Even as the storm had been blamed for several deaths, the full toll of the storm remained unclear. Officials warned that the danger was far from over, saying that the flooding in Texas is unlikely to recede quickly and that the storm will force more than 30,000 people from their homes. Federal officials, meanwhile, widened the emergency zone to Louisiana.
Trump signed a federal disaster declaration. A law passed after Katrina, which killed more than 1,800 people, requires FEMA to dispatch teams and relief supplies before disaster hits. Trump has proposed cutting FEMA by $361 million. “Whether it’s an active shooter, whether it’s a tornado, in many cases citizens find themselves having to render first aid, CPR, or making safety decisions before the true first responders arrive,” Long said.
Underwater. The National Flood Insurance Program is about $24 billion in debt. The program encourages people to build and stay in areas that flood. Trump’s proposed budget would cut $190 million from efforts to update flood maps. The program must be reauthorized by Congress by Sept. 30. Only 1/6 of Houston residents have federal flood insurance. Buffalo Bayou, a major river near downtown Houston, was a foot above flood stage Sunday afternoon and projected to rise as much as 12 feet higher in the next day.

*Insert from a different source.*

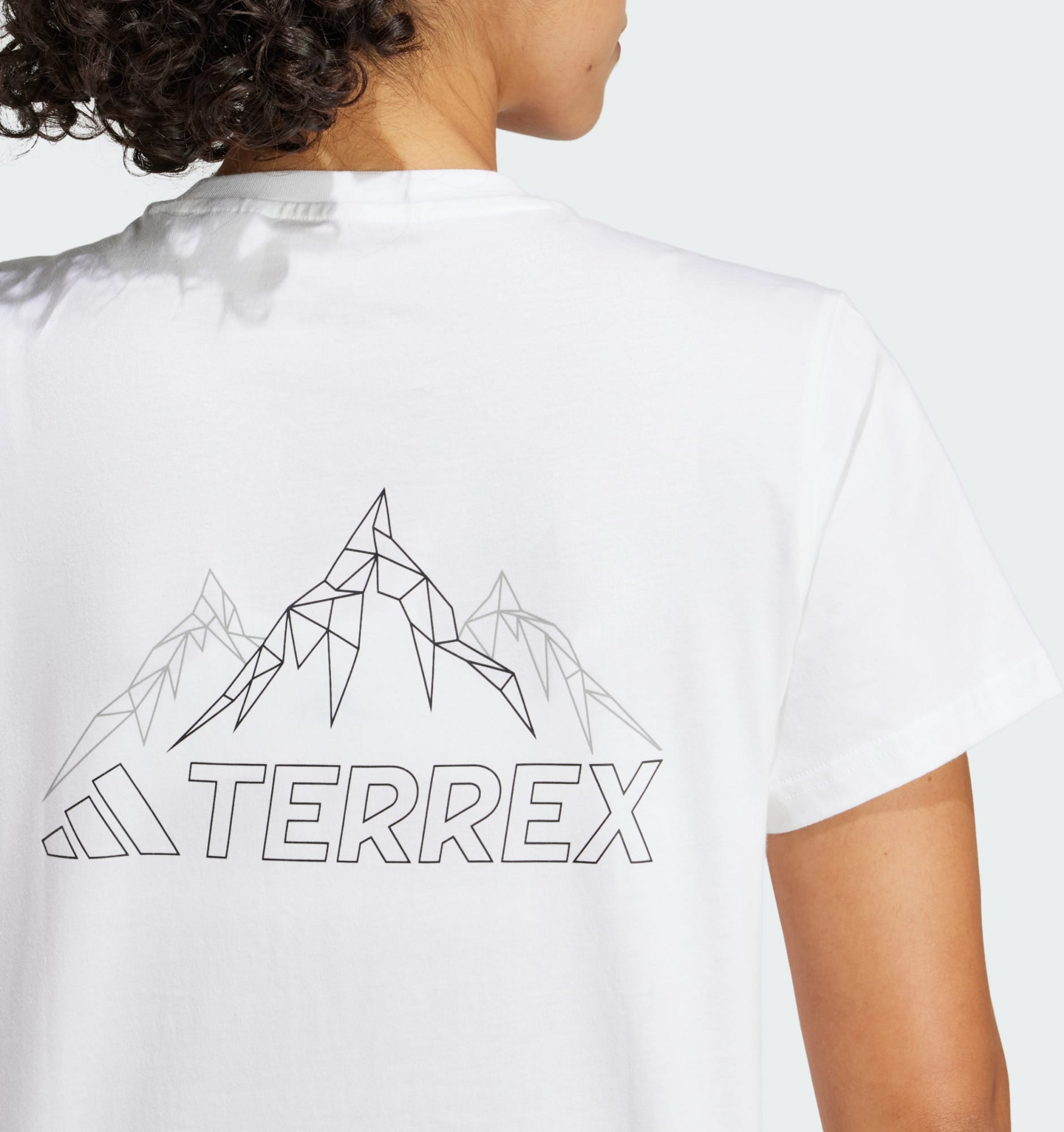 ADIDAS, Adidas Terrex Graphic T-shirt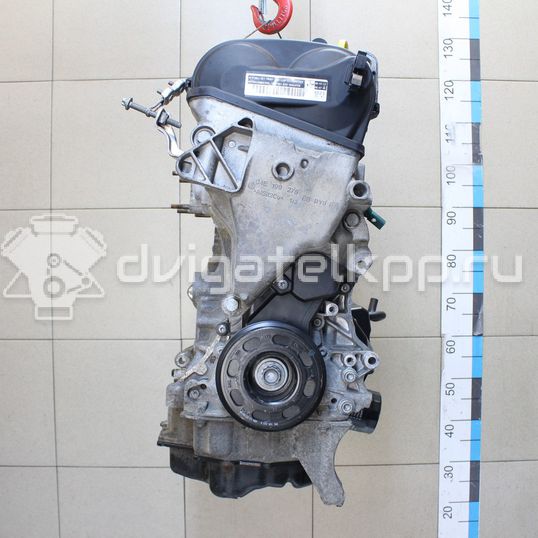 Фото Контрактный (б/у) двигатель CHPA для Volkswagen Golf 140 л.с 16V 1.4 л бензин 04E100033B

Not Brownie. William “Brock” Long was confirmed by the Senate in June to be the FEMA administrator. He has previously worked for the agency and also was Alabama’s emergency manager. The beleaguered FEMA director under former President George W. Bush, Michael Brown, became a national punch line after premature praise from Bush. Brown said it appears that the U.S. hasn’t learned anything from Katrina.
Trump trip. Trump plans to visit Houston on Tuesday. He has said he doesn’t want to disrupt rescue efforts. Trump also plans to visit Springfield, Mo., in the conservative Ozarks, to plug for Republican tax plans.